Pour être totalement honnête, elle avait cru que ça se produirait plus tôt.

Le regain d'intérêt.

L'intérêt tout court.

Après tout, n'étaient-ils pas amis depuis sept ans ? Ils étaient censés être préoccupés par son bien-être, du moins un minimum. Surtout quand le monde magique entier vous considérait comme des héros, des personnes au-dessus de tout soupçon, parfaitement dignes, complètement honorables. Formant un petit groupe si soudé.

Combien de temps leur avait-il fallu ? Elle aurait pu compter si ça n'avait signifié réfléchir à la question. Elle n'en avait nulle envie. Elle en avait fini avec les calculs et les réflexions. Désormais elle n'attendait plus qu'une chose, jour après jour, semaine après semaine : que la fin de l'après-midi libère Draco de ses obligations. Le rejoindre rendait un peu de vie à son quotidien. Sa présence la réchauffait de l'intérieur, autant que la substance qu'ils partageaient tous les deux.

C'était à celui qui tiendrait le plus longtemps.
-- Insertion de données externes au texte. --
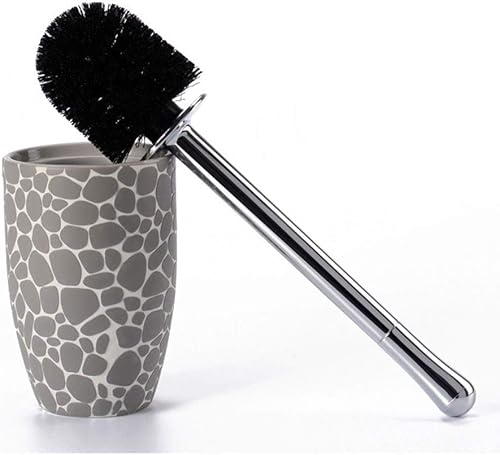 SPOUR Escobilla de inodoro moderna creativa para el hogar en relieve adoquines de cerámica redonda escobillas, cepillo de inodoro con soporte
Ou celui qui craquerait en premier.

Ils entretenaient l'illusion qu'ils n'étaient pas dépendants. Mais qu'est ce que le perdant y perdait réellement ? Pas grand-chose. Draco n'était pas aussi mesquin qu'il le laissait entendre. Elle était peut-être la seule personne encore en vie à le connaitre aussi bien et à s'en rendre compte mais il avait besoin d'elle autant que l'inverse était vrai.

Au début peut-être, elle avait dû batailler.

Il menaçait de la priver de sa part. Elle le giflait. Il l'appelait Sang-de-Bourbe, lui crachait au visage et elle le traitait de lâche et de vendu. Il la mettait cruellement à la porte de ses appartements et ils finissaient par baiser dans l'escalier, à trois heures du matin, sous les regards courroucés des portraits.

Ils évoluaient dans un monde où la raison n'avait plus sa place. Il ne restait que le plaisir dans sa forme la plus pure. Le sentiment de décrocher complètement avec toutes les incertitudes terrestres… Le sang battant dans ses tempes, son corps l'écrasant, l'emprisonnant dans une étreinte qui la ramenait à la vie, à une vie où elle n'avait pas brisé les derniers liens la reliant à sa famille, une vie où il n'avait pas tué ses parents.

Novembre était arrivé avec son lot de changements déplaisants, ne put-elle s'empêcher de remarquer d'un œil éteint.

Elle s'enroula plus étroitement dans le plaid défraîchi qu'elle ne prêtait à personne puis s'autorisa un bref échange de regard. Un coup d'œil incendiaire à l'égard de son ami qui continuait de la fixer depuis la table de travail où il était installé avec les autres.

Ils avaient tous rapidement abandonné l'idée de lui demander de l'aide. Ils travaillaient comme des elfes de maison en ayant le vain espoir de passer une partie des ASPICs en janvier et ainsi ne pas avoir à perdre toute une année encore à étudier. Avant que le temps se rafraichisse, au moins y avait il le Quidditch pour les maintenir hors de la tour pendant la mi-journée. Mais non, depuis qu'ils révisaient dans la salle commune, elle avait plus de mal à leur faire croire qu'elle n'avait pas complètement abandonné les études.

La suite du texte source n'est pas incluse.